Let Mr is the real mean, then Mr = ( ∑(i = 1 to n) xi ) / n ----------(1)

and then n(Mr) = ∑(i = 1 to n) xi  ------------(1)'

Let Ma is the assumed mean, then (x1 - Ma) + (x2-Ma) + (x3-Ma) + ... + (xn -Ma) = R ----------(2)

If the assumed mean is the same as real mean then R should be zero.

If R is not zero, then assumed mean is not the same as real mean.

The equation (2) can be modified as below.

(x1 + x2 + x3+ .... + xn) - n(Ma) = R   ---------------(2)'

From equation (1)' (x1+x2+...+xn) = ∑(i = 1 to n) xi =n(Mr)  plug this to equation (2)'

Then n(Mr) - n(Ma) = R -----------------(3)

Divide the equation by n gives Mr = Ma + R/n -------------(4)

This is the relation between the real mean and the assumed mean.

The standard deviation is σ = √( ∑(i = 1 to n) ( xi - Mr)2 / n )-------------(5)

If you want to use assumed mean for standard deviation, you can use equation (4) to equation (5)

then σ =  √( ∑(i = 1 to n)( xi - Ma - R/n )2  / n )

Ok, I'm a little fuzzy about what exactly you're looking for, so I'll give an example that Wikipedia did on their site (I'm good at math, not creative math- I can't just whip up numbers).

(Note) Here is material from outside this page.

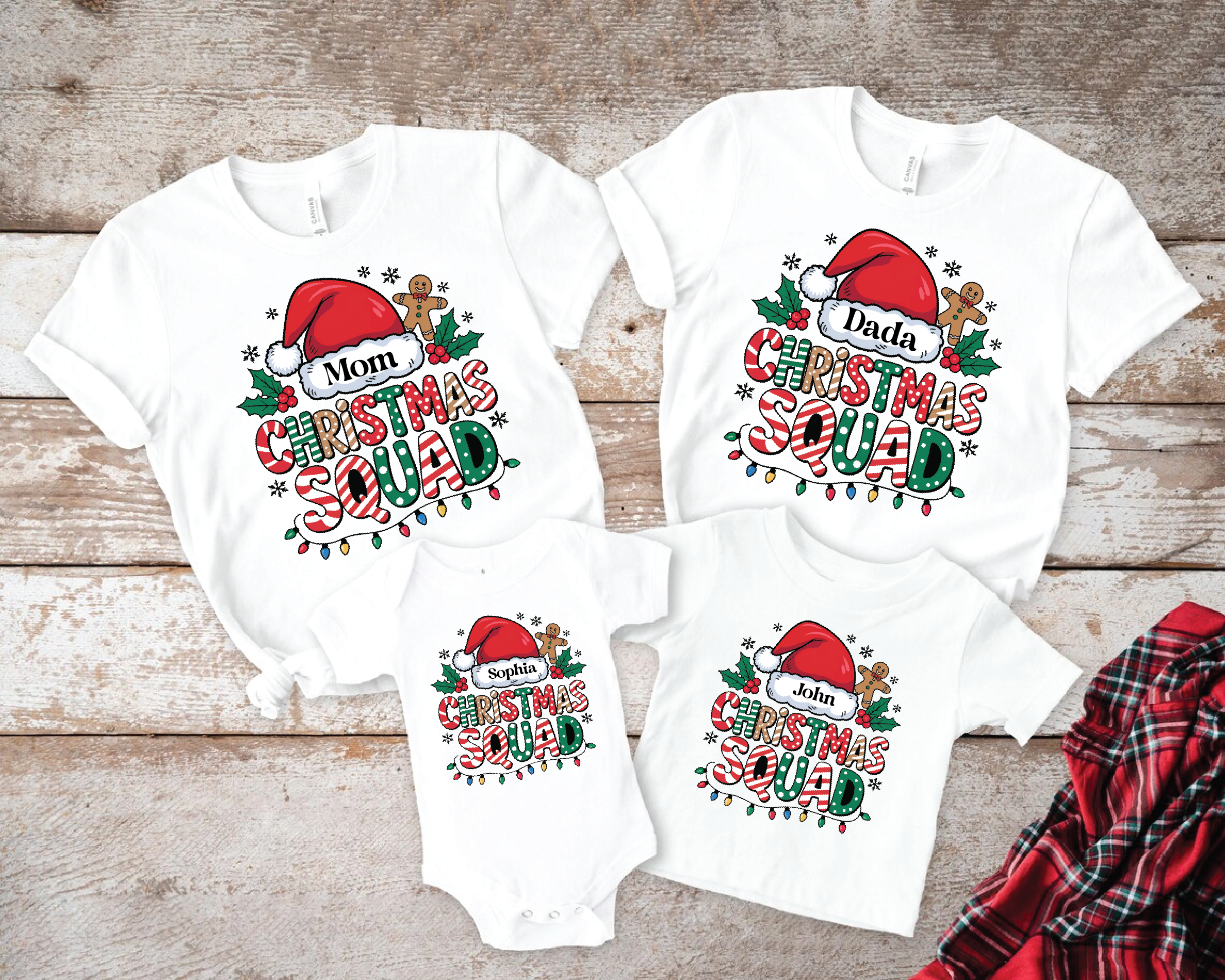 Christmas Squad T-Shirt – Matching Family Christmas Shirts, Personalized Holiday Tee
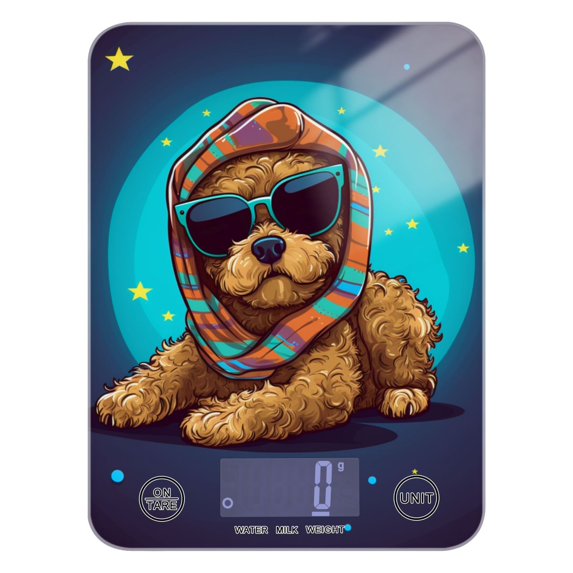 Dog Sunglasses Stars Food Scale Digital Kitchen Scale Waterproof Tempered Glass Tare Function 11 lb for Baking Cooking Meal Prep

But I understand assumed mean to be just like this. If this isn't what you're needing, we'll talk it though a little more, and I'll try to find a better way to explain it than wikipedia.

The mean of the following numbers is sought:
219, 223, 226, 228, 231, 234, 235, 236, 240, 241, 244, 247, 249, 255, 262
Suppose we start with a plausible initial guess that the mean is about 240. Then the deviations from this "assumed" mean are the following:
−21, −17, −14, −12, −9, −6, −5, −4, 0, 1, 4, 7, 9, 15, 22
In adding these up, one finds that:
22 and −21 almost cancel, leaving +1,
15 and −17 almost cancel, levaing −2,
9 and −9 cancel,
7 + 4 cancels −6 − 5,
and so on. We are left with a sum of −30. The average of these 15 deviations from the assumed mean is therefore −30/15 = −2. Therefore that is what we need to add to the assumed mean to get the correct mean:
correct mean = 240 − 2 = 238.